The date ‘ca. 1492’ was a good match for the status of the royal dedicatee, Queen Isabella (1451–1504), who took the specified title of ‘Reina de Granada’ only after the capture of that territory in January of that year. However, the text contained in these leaves, including the royal dedication, did not match up with any known Spanish dictionary printed during the fifteenth or early sixteenth centuries. None of the bibliographical tools at our disposal or the book historians we consulted could provide an identification of the edition that was the source of these stray leaves; we began to suspect, as had Frederick Vinton, the librarian who oversaw the acquisition of the volume in 1873, that they represented a previously untraced edition – and a potentially important discovery.1
A turning point came in February 2018, when Dr Cinthia María Hamlin, a specialist in medieval literature from Secrit-CONICET (Argentina’s National Scientific Research Council) and the Universidad de Buenos Aires, visited Princeton University Library’s new Special Collections Reading Room and requested to see several early Spanish books. During her visit I inquired whether it would be a distraction to ask her opinion of the mysterious leaves in the Universal vocabulario of 1490. She quickly became fascinated by them, knowing that one does not encounter pages from an unidentified fifteenth-century Spanish dictionary every day.
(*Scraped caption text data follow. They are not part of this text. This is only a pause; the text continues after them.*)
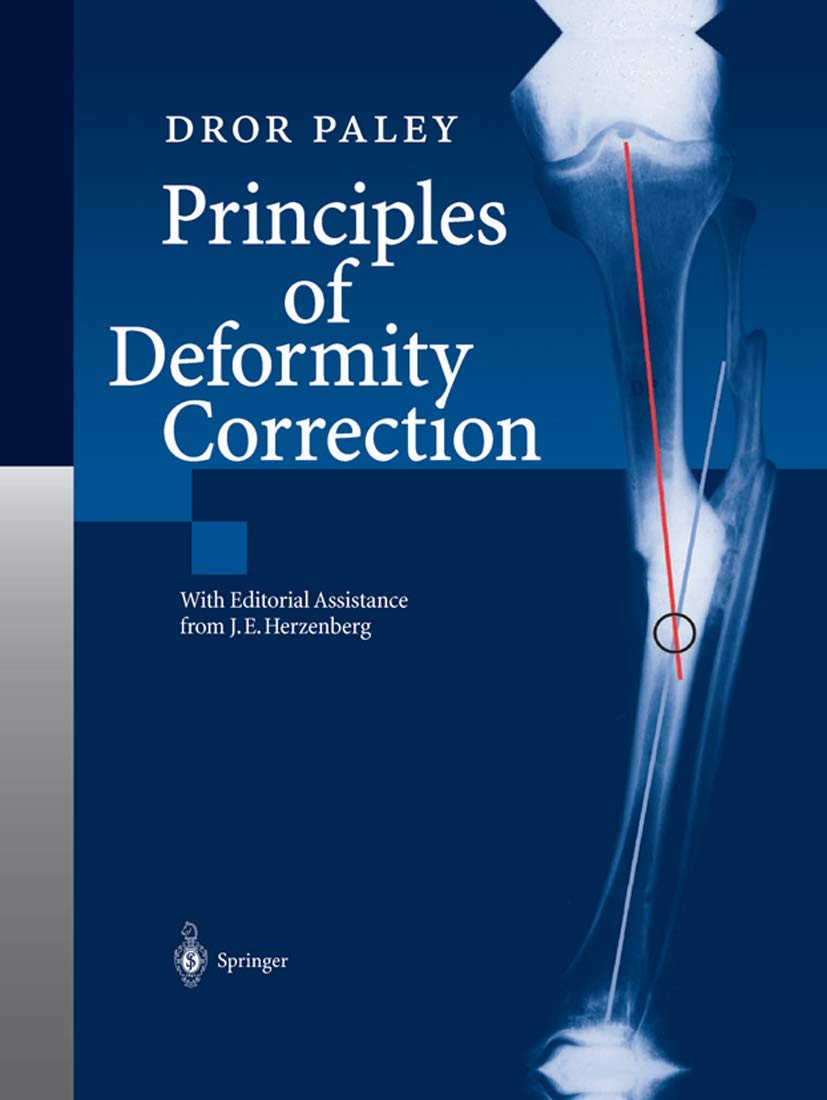 語学・辞書・学習参考書 principles of deformity correction Principles of Deformity Correction 2003 Edition by Paley, Dror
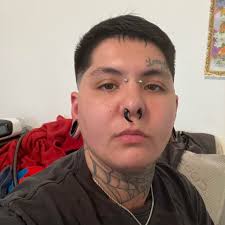 Does Botox work for stroke survivors?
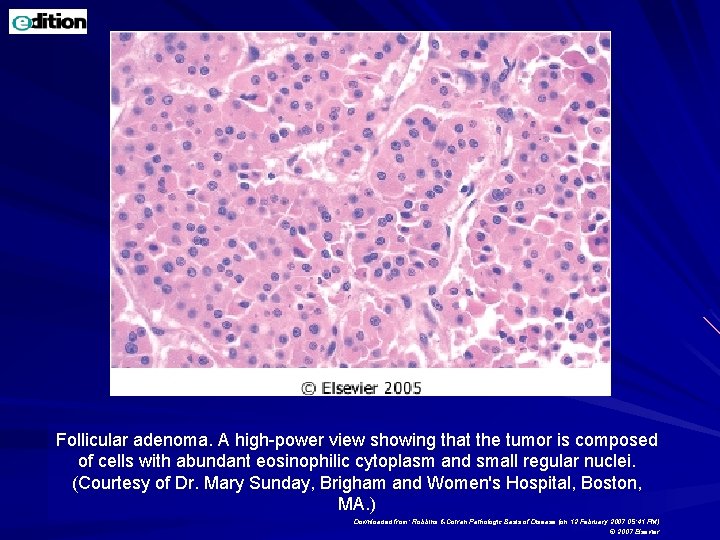 Follicular adenoma. A high-power view showing that the tumor is composed of cells with Follicular adenoma. A high-power view showing that the tumor is composed of cells with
We agreed that the problem deserved much further research, both for the benefit of European printing history and Spanish linguistic history.
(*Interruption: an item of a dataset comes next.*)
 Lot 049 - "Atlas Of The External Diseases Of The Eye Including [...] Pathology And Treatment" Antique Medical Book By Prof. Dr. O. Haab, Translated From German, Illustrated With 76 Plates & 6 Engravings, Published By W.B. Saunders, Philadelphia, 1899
Working from digital images upon her return to Buenos Aires, Hamlin investigated the mysterious dictionary, eliminating all of the candidate texts by Antonio de Nebrija and Fernández de Santaella and analyzing the linguistic characteristics of the limited sample of word definitions that the fragments provided. Within a little over a month she made a startling breakthrough. Following up on a suggestion offered by her colleague Juan Héctor Fuentes, she discovered that an anonymous fifteenth-century Spanish-Latin Vocabulario, known only from a manuscript at the Real Biblioteca del Monasterio de San Lorenzo de El Escorial (MS f-II-10), matched Princeton’s printed fragments nearly word for word.2
Thus, Hamlin and Fuentes hypothesized that the long-lost Vocabulario represented by the fragments, datable to 1492-93, was the first Spanish-to-Latin (not vice-versa) vocabulary ever printed, preceding Nebrija’s first Salamanca edition (variously dated between 1492 and 1495, but most likely 1494-95). The two scholars’ discovery has been introduced in the co-authored ‘Folios de un incunable desconocido y su identificación con el anónimo Vocabulario en romance y en latín del Escorial (F-II-10).’ Romance Philology 74/1 (Spring 2020), 93-122, and will be developed further by Hamlin in ‘Alfonso de Palencia: autor del primer vocabulario romance-latin que llego a la imprenta?’ in Boletín de la Real Academia Española (forthcoming in 2021).
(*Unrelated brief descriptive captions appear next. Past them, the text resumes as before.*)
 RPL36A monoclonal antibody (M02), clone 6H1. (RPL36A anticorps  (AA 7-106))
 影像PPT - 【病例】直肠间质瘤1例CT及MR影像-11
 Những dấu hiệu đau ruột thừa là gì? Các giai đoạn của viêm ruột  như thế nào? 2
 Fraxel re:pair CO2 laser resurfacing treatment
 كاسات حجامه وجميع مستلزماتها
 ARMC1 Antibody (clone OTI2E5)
After further research, Hamlin concluded that the anonymous author of the Escorial Vocabulario, and, therefore, that of the previously unknown printed edition preserved in Princeton’s binding fragments, was none other than Alfonso Fernández de Palencia (1423–1492), the author of the very same Universal vocabulario of 1490 into which the mysterious Princeton leaves had been bound. As Hamlin notes, Palencia’s Universal vocabulario has many of the the same ‘authority’ quotations, highly similar definitions (especially for toponyms), and several of the terms have the same grammatical explanation and thus almost certainly are the works of the same author. This important discovery, too, will be explored in greater detail in Hamlin’s forthcoming article.
Fifteenth-century Spanish printing of any kind is difficult to come by in libraries outside of Spain. It is even more remarkable to have located traces of a previously unknown Spanish edition of that period. Moreover, it is a signal accomplishment to have been able to resurrect an unknown printing of a previously anonymous work of such importance, in vernacular Spanish, and then to augment our knowledge of that text with both a long-lost royal dedication and a convincing identification of its author, one of the most influential Spanish humanists of the fifteenth century. The fields of printing history and Spanish linguistic history have profited mightily from the collaboration that solved this bibliographical mystery.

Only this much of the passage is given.